Narrated by Matt Damon (The Informant!), Ferguson’s film breaks down the complexities of the financial systems, and you begin to understand the many things that went wrong, particularly the increasingly cozy relationship between politicians and financial insiders. As one talking head describes it, the “Wall Street government” has led to deregulation of the financial sector, which in turn has caused such creative investments as derivatives and other high-risk financial actions, particularly the sub-prime mortgage loans.
Fortune senior editor Allan Sloan weighs in on sub-prime mortgage loans, in which such banking and security firms as Goldman Sachs would make home loans to people who put down less than 1% of their mortgage. “It’s utterly mad,” Sloan declares.

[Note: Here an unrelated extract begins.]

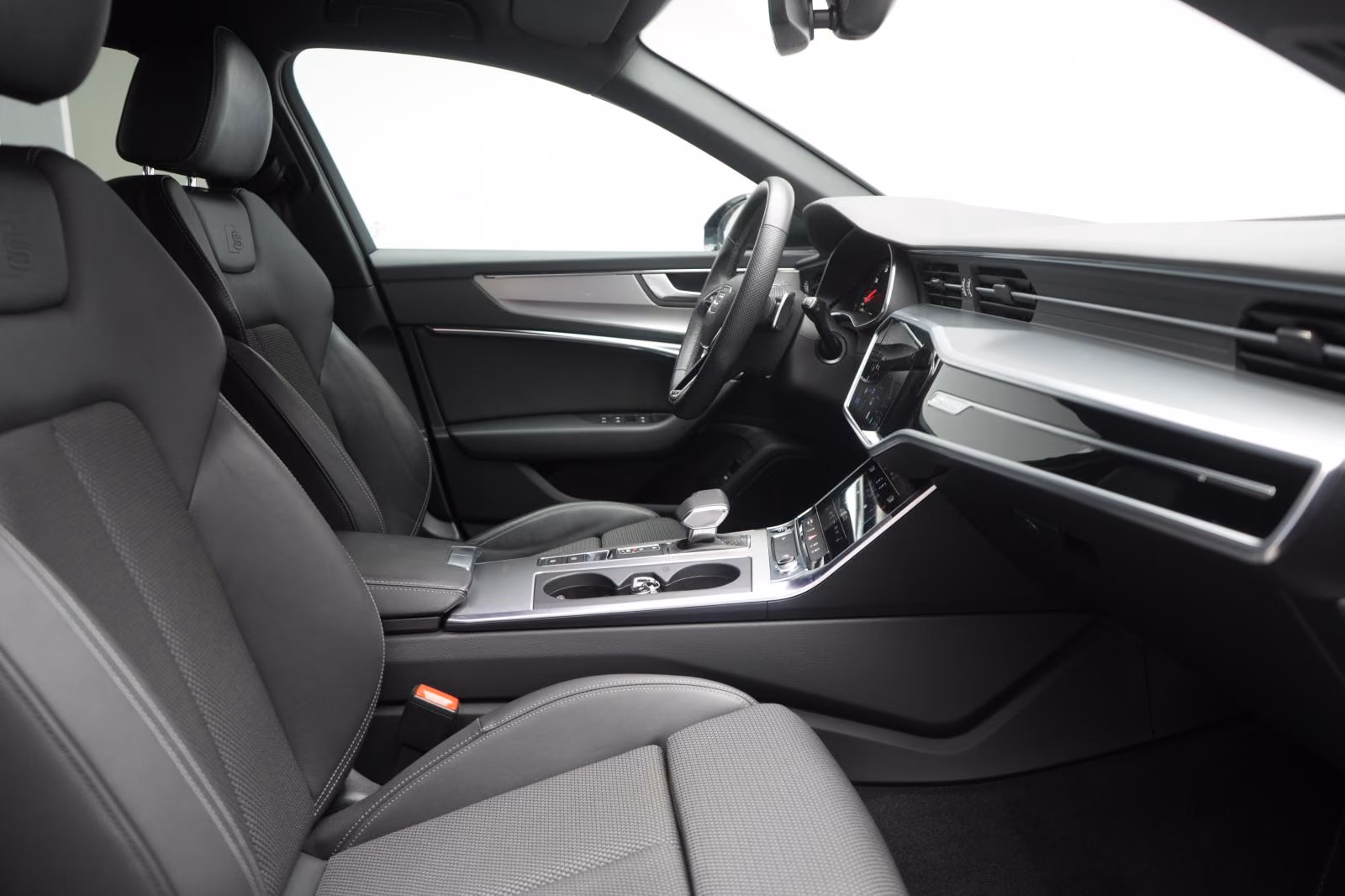 (B-217) Audi A6 40 TDI S tronic S line ACC/Lane/AHK/ - Image 9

The film also looks at how corruption has entered academia, as professors at esteemed universities are paid hefty sums of money to write favorable financial reports. One of the highlights of Inside Job finds Ferguson grilling Frederic Mishkin, a professor at the Columbia Business School and the governor of the Federal Reserve from 2006 to 2008. Mishkin had written a report on the financial stability of Iceland, which suffered a devastating financial crisis in 2008 and continues to struggle today. How could an economist like Mishkin write such an erroneous report? Because he was paid to do so.
Carefully organized and presented for maximum clarity and impact, Inside Job will have viewers feeling outraged and shocked by the wrongdoings of Wall Street, which means the movie is accomplishing its goal. It’s a scary documentary, and you certainly wish it was fiction.
The DVD’s bonus materials begins with a commentary by Ferguson and producer Audrey Marrs, who spend a good deal of time talking about the filmmaking behind the project — how they created Inside Job‘s structure, how they attempted to energize some of the less visually exciting moments, and so on.
There’s also a making-of featurette that covers more of the same and a collection of nine deleted scenes, including one with Eliot Spitzer, New York’s former Governor and Attorney General.